Each line in the entries below that holds the string "White" is to be listed.

[Short text fragments from websites]
*****

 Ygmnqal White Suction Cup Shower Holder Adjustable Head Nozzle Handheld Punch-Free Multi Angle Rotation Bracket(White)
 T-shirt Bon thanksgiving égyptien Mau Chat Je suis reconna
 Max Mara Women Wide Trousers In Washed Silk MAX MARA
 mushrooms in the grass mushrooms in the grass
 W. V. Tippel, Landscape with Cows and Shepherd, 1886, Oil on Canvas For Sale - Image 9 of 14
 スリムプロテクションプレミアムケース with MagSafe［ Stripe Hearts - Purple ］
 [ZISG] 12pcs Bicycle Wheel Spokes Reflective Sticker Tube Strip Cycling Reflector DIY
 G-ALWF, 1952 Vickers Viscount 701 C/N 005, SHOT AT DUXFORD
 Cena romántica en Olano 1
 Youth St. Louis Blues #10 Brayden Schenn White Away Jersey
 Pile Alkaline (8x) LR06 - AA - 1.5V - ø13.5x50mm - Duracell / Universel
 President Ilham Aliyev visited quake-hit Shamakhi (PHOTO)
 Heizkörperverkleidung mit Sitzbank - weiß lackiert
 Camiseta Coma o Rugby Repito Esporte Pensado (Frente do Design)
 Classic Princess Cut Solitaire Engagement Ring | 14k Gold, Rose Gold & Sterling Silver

*****

§ Reply to the exercise
 Ygmnqal White Suction Cup Shower Holder Adjustable Head Nozzle Handheld Punch-Free Multi Angle Rotation Bracket(White)
 Youth St. Louis Blues #10 Brayden Schenn White Away Jersey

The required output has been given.